Cold Case: Who left a burned body in the Darden family’s field in 1991?

Published 5:30 pm Friday, November 25, 2022

Editor’s note: A new state law requires Virginia State Police to maintain a publicly accessible online database of unsolved homicides, unidentified bodies and missing-person cases. Three of the database’s 60 cases are from Isle of Wight County. This is the third in a multi-part series.

 

Dee Dee Darden remembers the grisly sight that greeted her the morning of Wednesday, June 5, 1991, like it was yesterday.

Subscribe to our free email newsletter

Get the latest news sent to your inbox

Her late husband, Tommy, had gone out early that morning to one of the couple’s wheat fields on Bowling Green Road, only to return a few minutes later in a panic.

“He came flying back down the road, saying, ‘Get in the truck; get in the truck!
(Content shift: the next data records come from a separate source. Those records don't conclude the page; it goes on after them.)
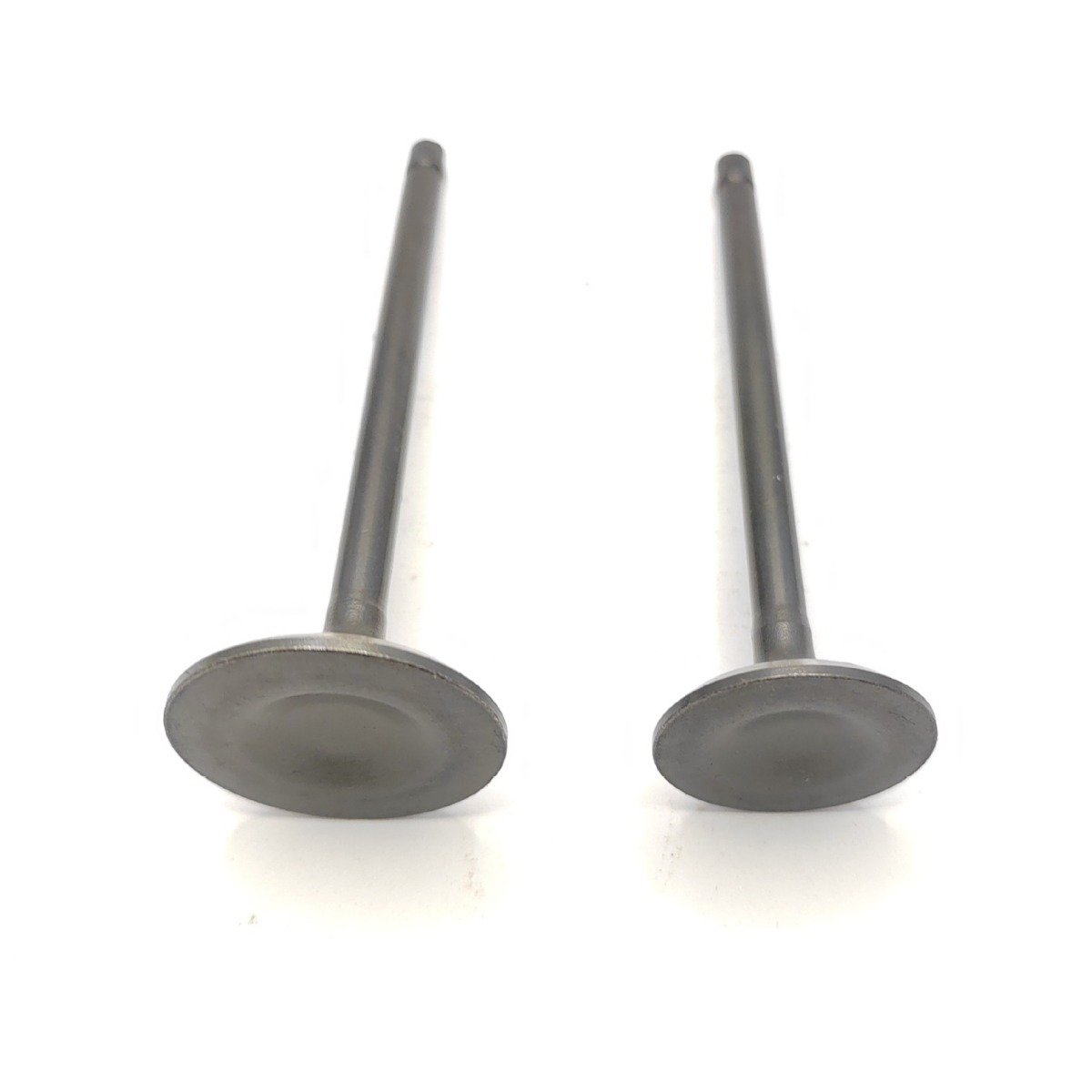 Good Quality Motorcycle Gear CG200 GS125 GN125 EN125 Motorcycle Accessories Exhaust Valves with Oil Seal for Various Models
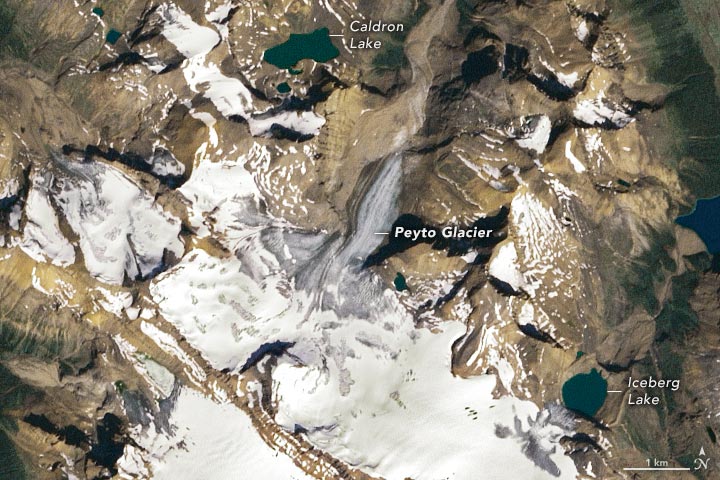 Peyto Glacier 1999 Annotated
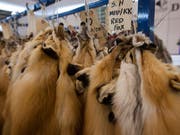 Pelze dienten den mutmasslichen Betrügern als Köder, um an Gold zu kommen. (Bild: KEYSTONE/EPA/ALEX HOFFORD)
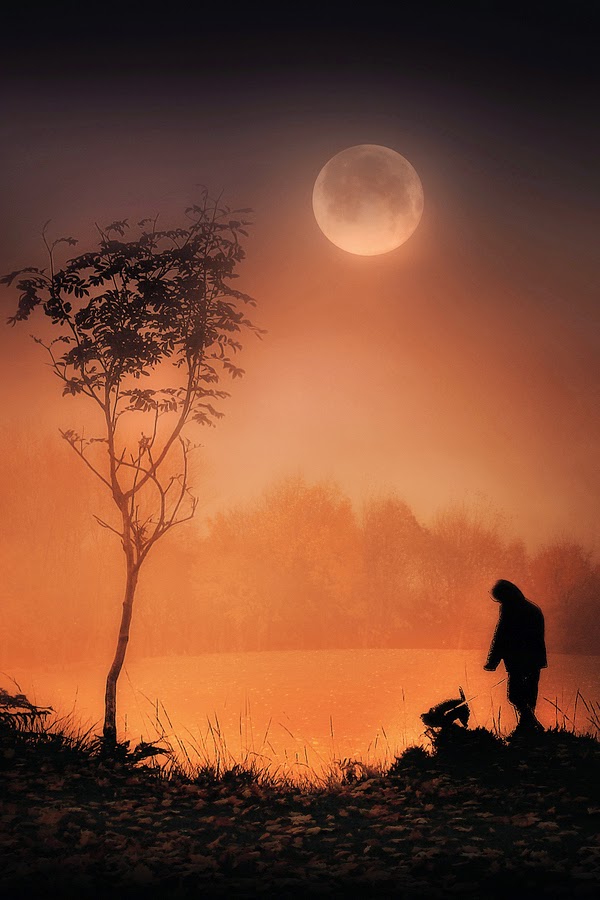 Ajmal Sowar اجدد و احلى خلفيات موبايل 2015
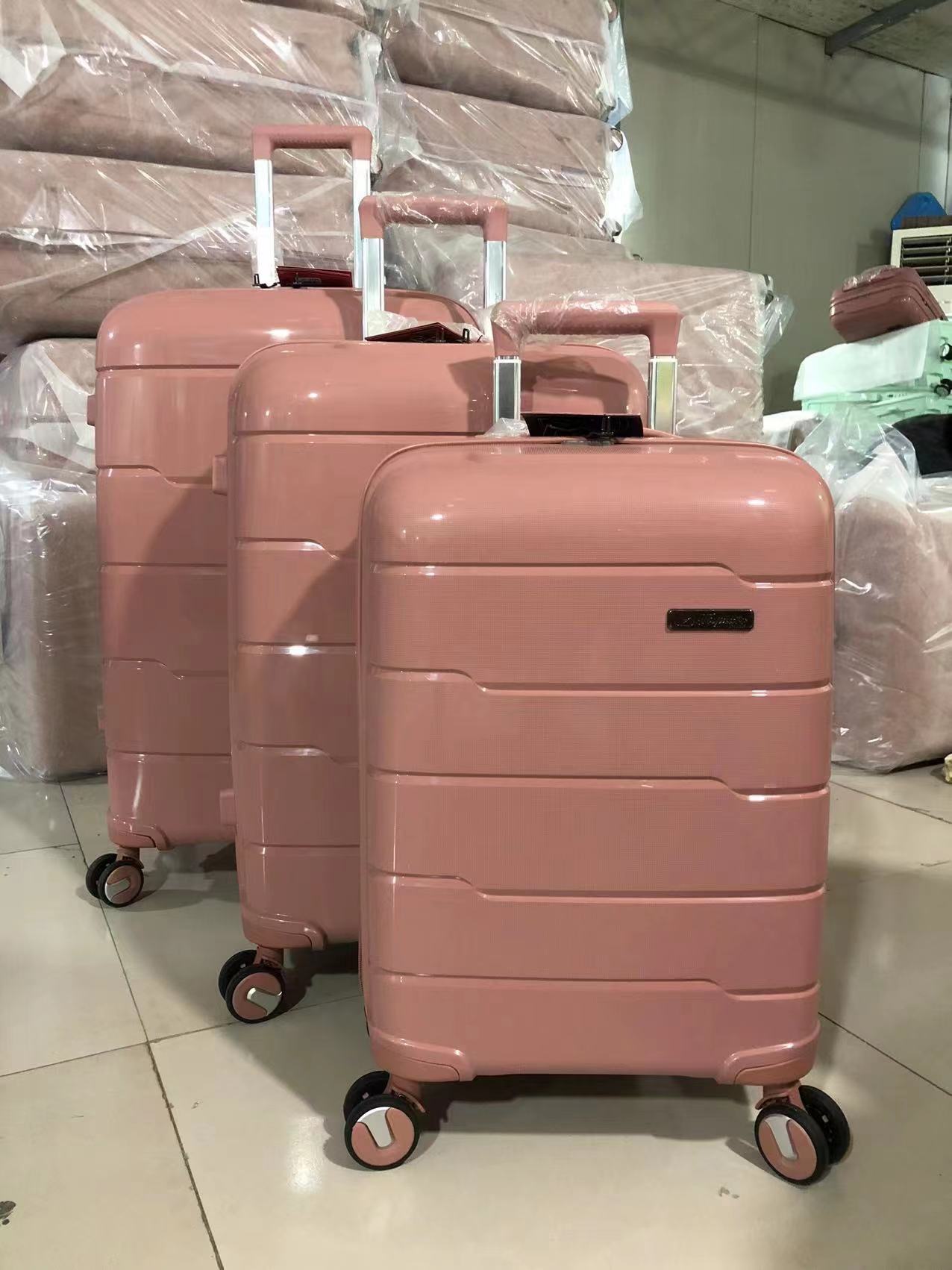 PP luggage bag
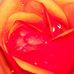 Heidi Farmer - Facebook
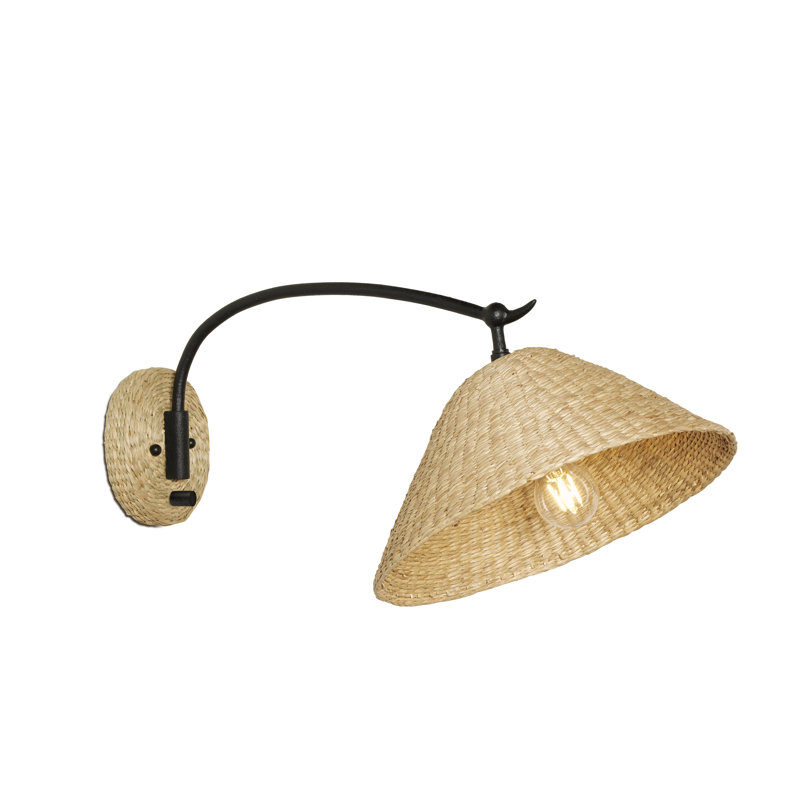 1 - Light Swing Arm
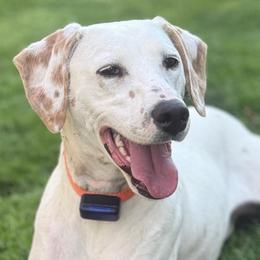 Kayah - White and lemon female Dalmatian puppy in Louisa, Virginia from Dalmatian Creation LLC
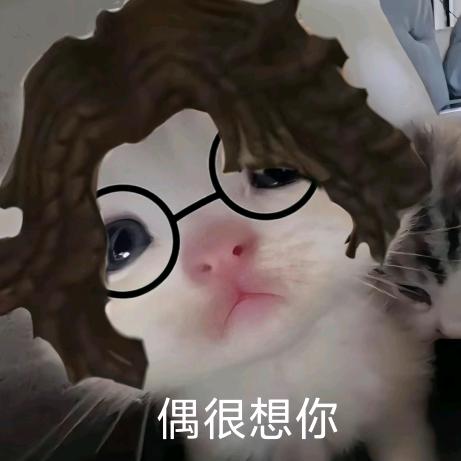 织偶
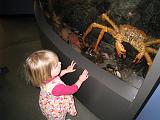 2008-04-11.new_england_aquarium.13.king_crab.seren-snyder.fav.boston.ma.us.jpg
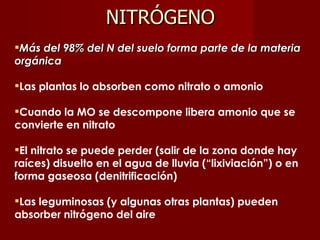 Más del 98% del N del suelo forma parte de la materia orgánica Las plantas lo absorben como nitrato o amonio Cuando la MO se descompone libera amonio que se convierte en nitrato El nitrato se puede perder (salir de la zona donde hay raíces) disuelto en el agua de lluvia (“lixiviación”) o en forma gaseosa (denitrificación) Las leguminosas (y algunas otras plantas) pueden absorber nitrógeno del aire NITRÓGENO 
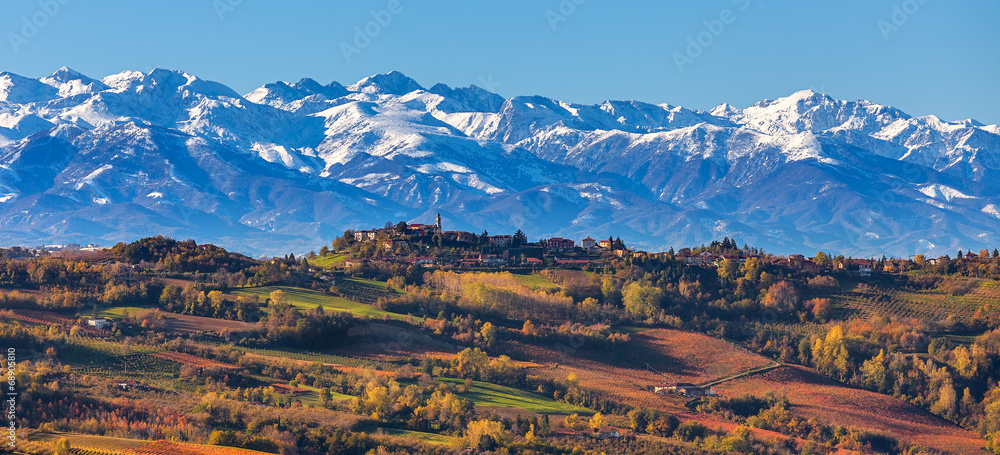 Autumnal vineyards and snowy mountains in Italy.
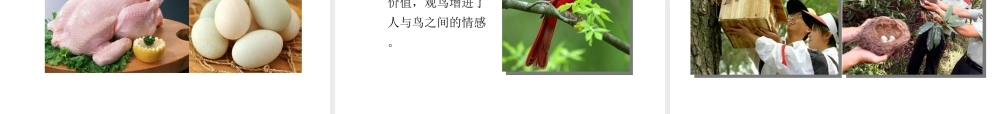 八年级生物上册 5.1.6 鸟教学课件 （新版）新人教版-（新版）新人教版初中八年级上册生物课件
You gotta see it; you gotta see it!” Dee Dee recalled in a recent interview at her longtime business, Darden’s Country Store.

In the field, lying face down, was the badly burned body of a Black man police later identified as 33-year-old Thomas Daryle Williams of New York City.

The murder remains unsolved, as one of three decades-old Isle of Wight County crimes listed in an online Virginia State Police database of cold cases that made its debut in June.

The Smithfield Times could find only one article in its archives, dated June 12, 1991, and none in any other Virginia newspaper concerning the murder. The lack of media coverage from the day stands in stark contrast with the extensive reporting across multiple publications on the 1987 double homicide at Ragged Island the Times profiled in its Sept. 28 and Oct. 25 editions as part of its multi-part cold case series.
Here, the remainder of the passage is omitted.